12 4 8 new vars v1 #47

angzaza · 2022-12-14T17:48:41Z

New variables for FatJets and SubJets are added in PFNano/python/addBTV.py

uncorrpt
residual
jes
CombIVF
DeepCSVBDisc
btagDeepB_c
DeepCSVCvsLDisc
DeepCSVCvsBDisc

For FatJets, a MuonTable is defined in PFNano/plugins/JetConstituentTableProducer.cc, which contains the following variables:

pt
eta
ptrel
phi
isGlobal
nMuHit
nMatched
nTkHit
nPixHit
nOutHit

The distributions of these variables, obtained by running PFNano/test/nano_mc_Run3_122X_NANO.py over 1k events of /ZprimeToTT_M3000_W30_TuneCP2_13p6TeV-madgraph-pythiaMLM-pythia8/Run3Winter22MiniAOD-122X_mcRun3_2021_realistic_v9-v2/MINIAODSIM, are shown at this link.

This work was carried out under the supervision of Soureek Mitra and Denise Muller.

demuller · 2022-12-16T11:49:51Z

Hi @angzaza many thanks for your PR! I will have a look later today at it.

@AnnikaStein could you review it as well?

demuller · 2022-12-16T11:51:57Z

Maybe one first thing I directly noticed: the commit history seems to contain a lot of older changes not made by you, can you try to make a cleaner PR that only contains your own changes? It is otherwise a bit hard to review

demuller · 2022-12-16T11:53:12Z

Maybe one first thing I directly noticed: the commit history seems to contain a lot of older changes not made by you, can you try to make a cleaner PR that only contains your own changes? It is otherwise a bit hard to review

it probably would also help with the branch conflicts

AnnikaStein · 2022-12-16T13:48:25Z

Hi @angzaza many thanks for your PR! I will have a look later today at it.

@AnnikaStein could you review it as well?

Sure, I can do that!

[General comment]
What I see is that this PR which is meant for 12_4_8 has been prepared for the master branch, hence the conflicts.
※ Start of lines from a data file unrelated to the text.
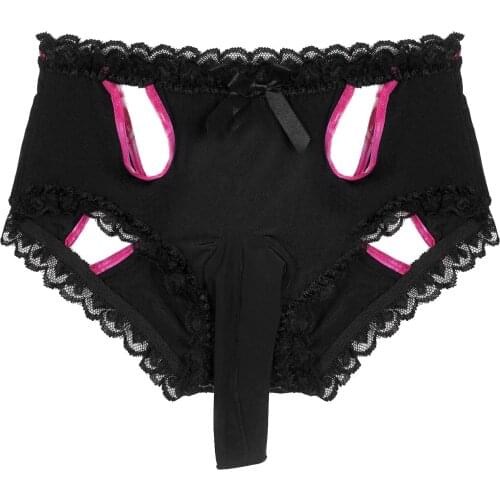 Men Lace Trim Sexy Briefs Hallow Out Bulge Pouch Transparent Panties Bownot Low Rise Stretchy Underwear for Lingerie Night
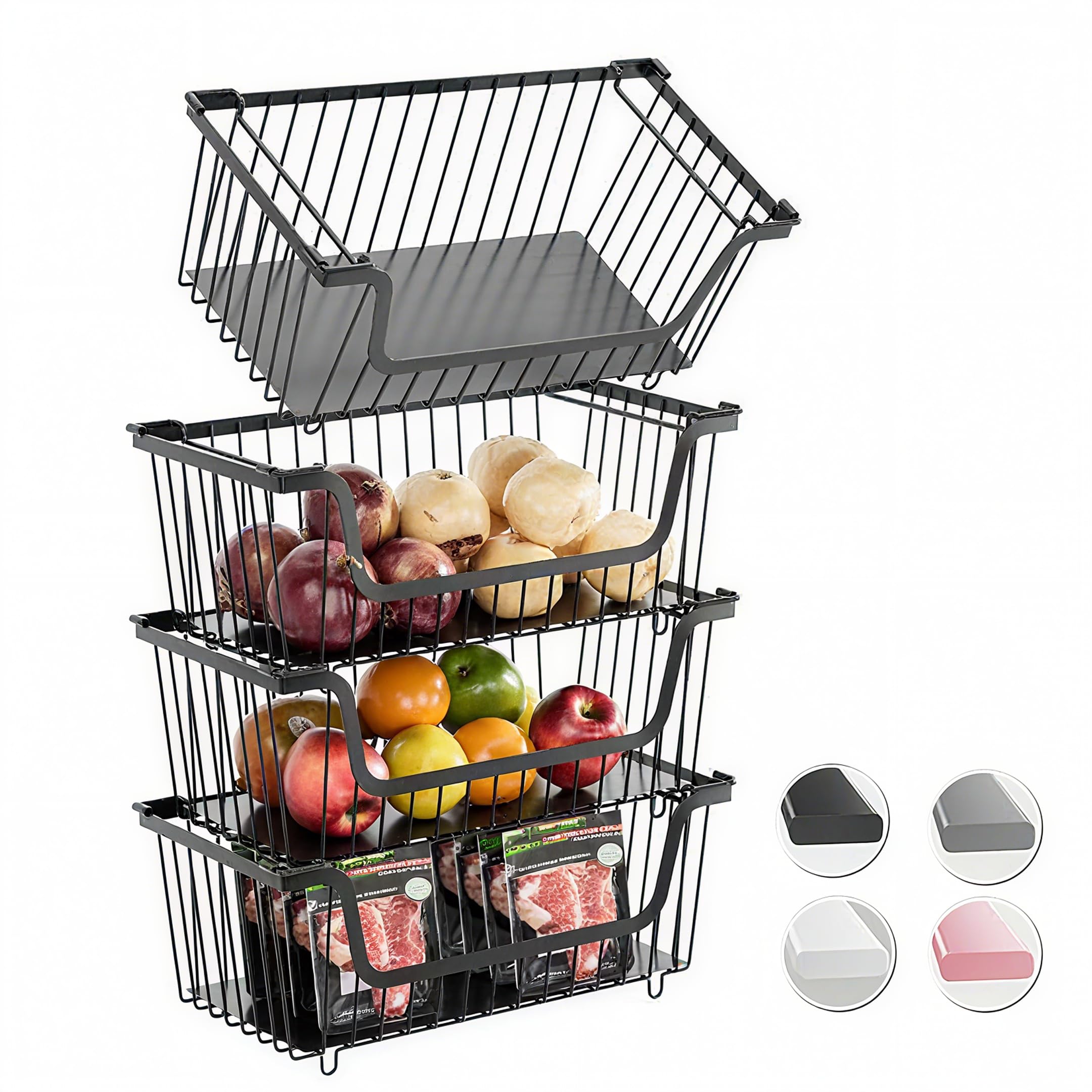 Photo 1 of 4 Pcs Stackable Wire Baskets for Pantry Organizers and Storage,Vegetable Fruit Basket for Countertop,Kitchen Storage Metal Baskets,Produce Potato Onion Storage Bin,Black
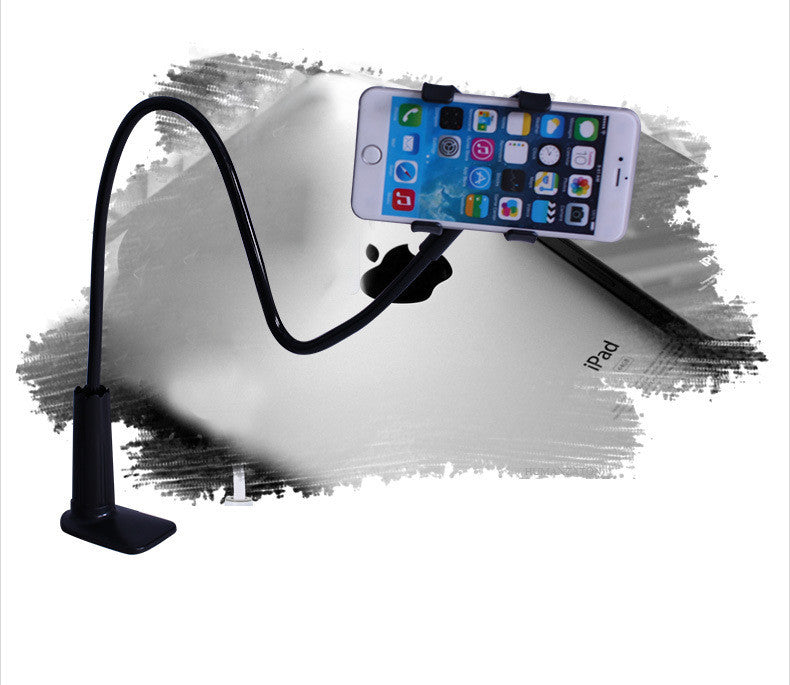Black flexible phone holder with a smartphone on a white background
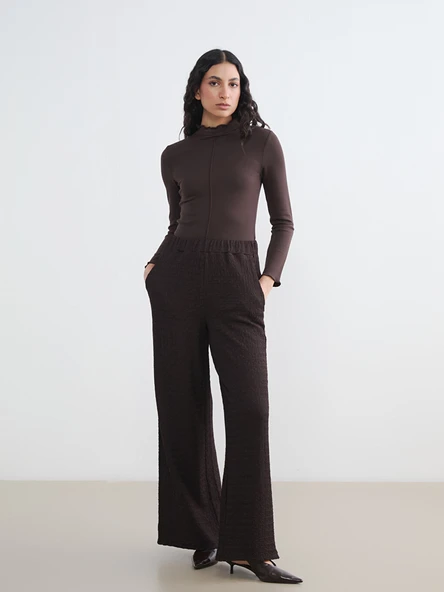 LCW Modest Kahverengi Beli Lastikli Dokulu Kadın Pantolon ürün görseli 1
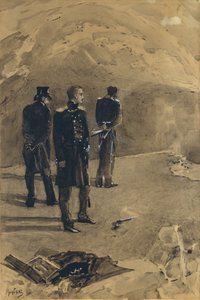 Das Duell von Pechorin und Grushnitsky. Illustration zum Roman Ein Held unserer Zeit von Mikhail Lermontov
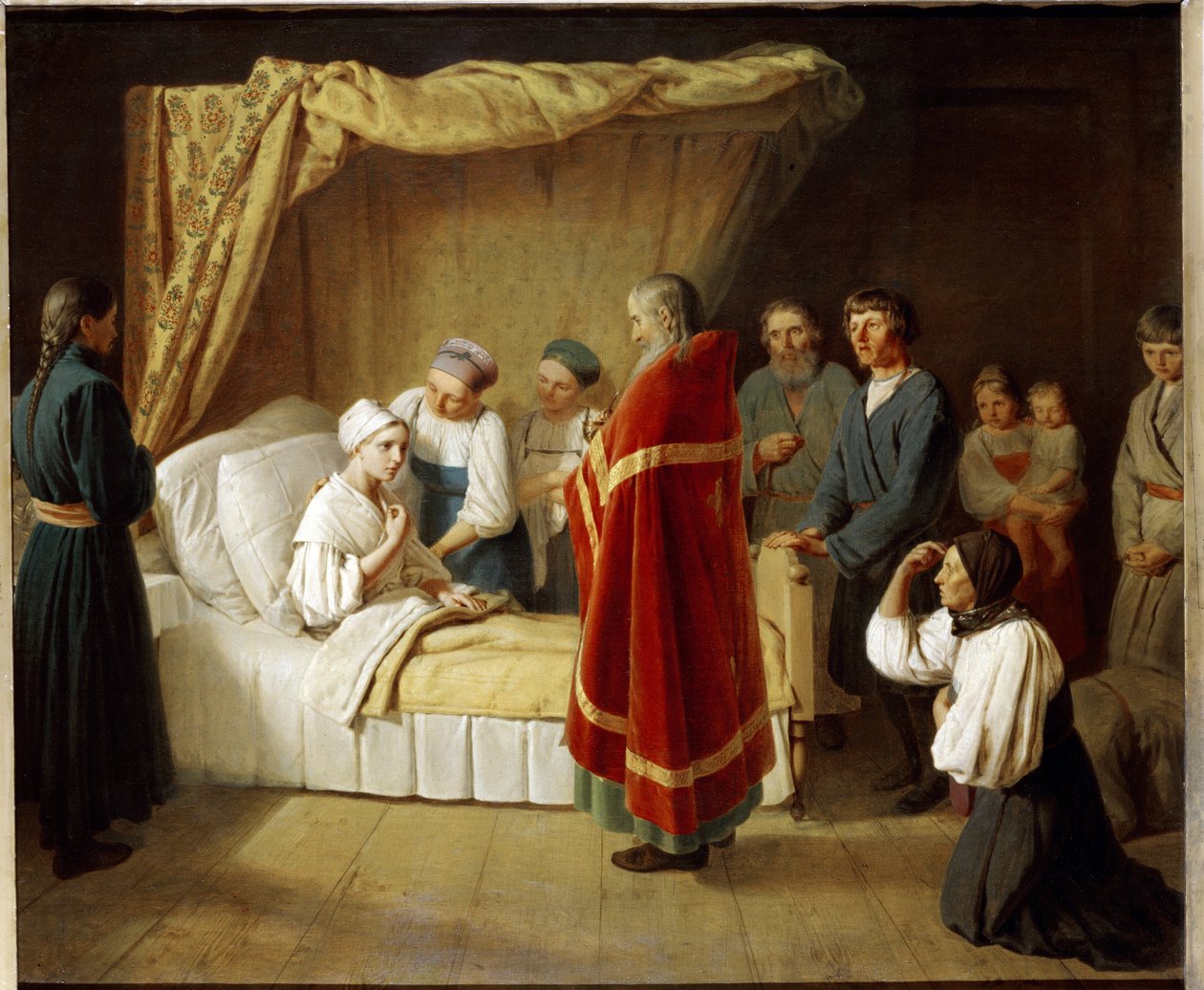 Az Eucharisztia a haldoklókhoz. Az ortodox egyház papja egy beteg asszony ágyához jön, hogy átadja neki a liturgikus szentséget, családtagjaival körülvéve. Alekszej (Alexisz) Gavrilovics Venecianov festménye ( alkotó: Aleksei Gavrilovich Venetsianov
If this was updated, I guess it would already look a lot cleaner. I'll use the edit button to switch that, and then we can look at the details.
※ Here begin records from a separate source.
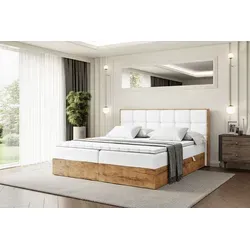 ALTDECOR Boxspringbett LOLLI2 180x200 cm - Betten mit Bonellfederung und abnehmbarem Bezug, ideal für erholsame Nächte und Allergiker. Zwei Bettkästen bieten extra Stauraum, während der mittlere Härtegrad H3 optimalen Schlafkomfort garantiert.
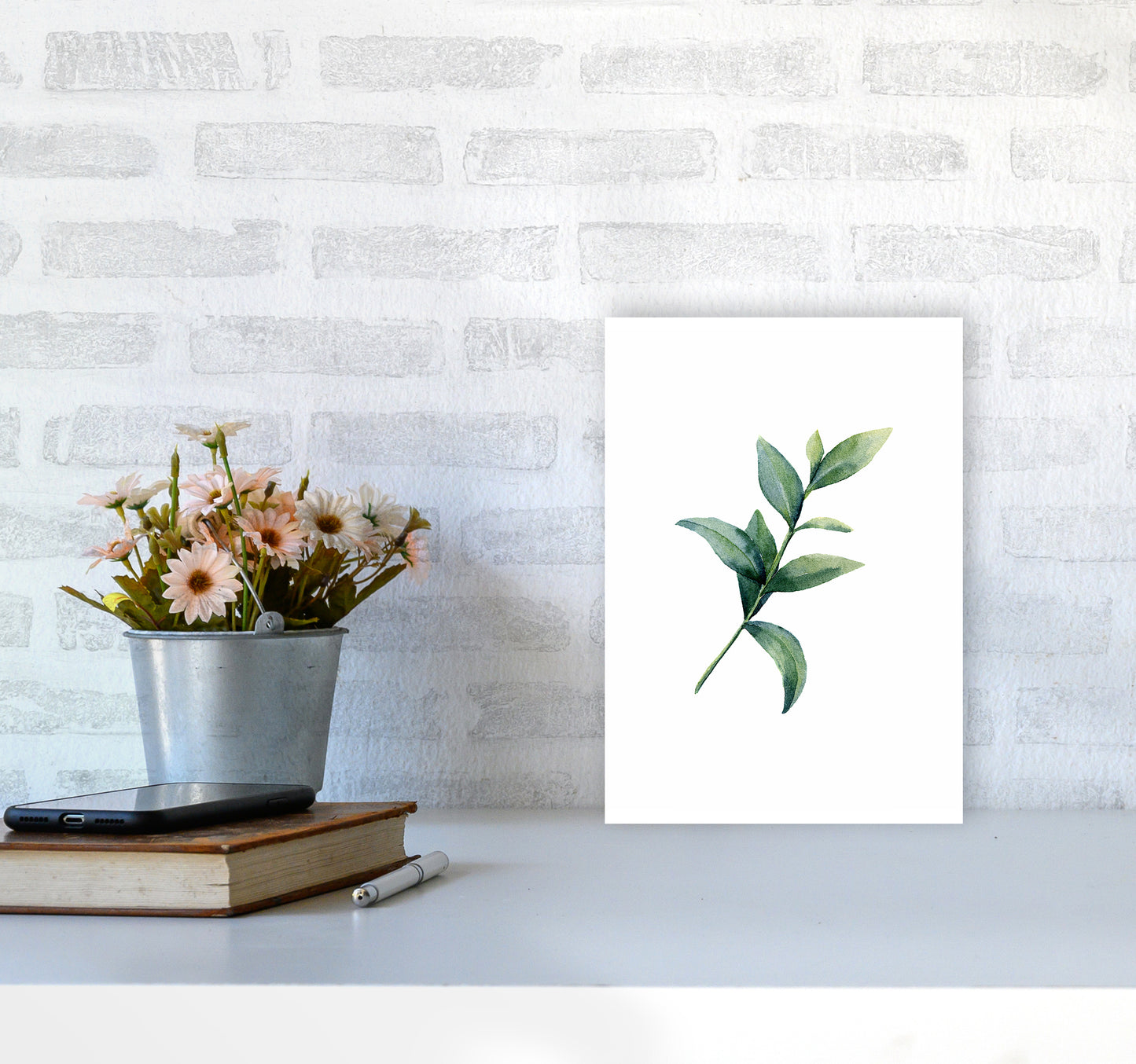 Watercolor Eucalyptus II Art Print by Seven Trees Design A4 Black Frame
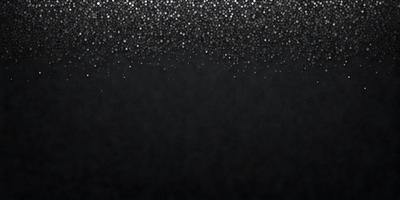 The primary subject of the image is a black background with a pattern of silver glittery dots. The setting is a dark room, and the visual style is a close-up of the black background with the silver dots. The colors and mood of the image are predominantly dark and moody, with the silver dots adding a touch of glamour and shine.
AnnikaStein · 2022-12-16T13:54:38Z

Maybe one first thing I directly noticed: the commit history seems to contain a lot of older changes not made by you, can you try to make a cleaner PR that only contains your own changes? It is otherwise a bit hard to review

it probably would also help with the branch conflicts

Indeed after switching the target branch, neither conflicts nor commits from other people are left in the PR :)

So thanks also from my side @angzaza ! I'll take a closer look and get back to you with specific comments later.

AnnikaStein

Thank you for this nice work @angzaza !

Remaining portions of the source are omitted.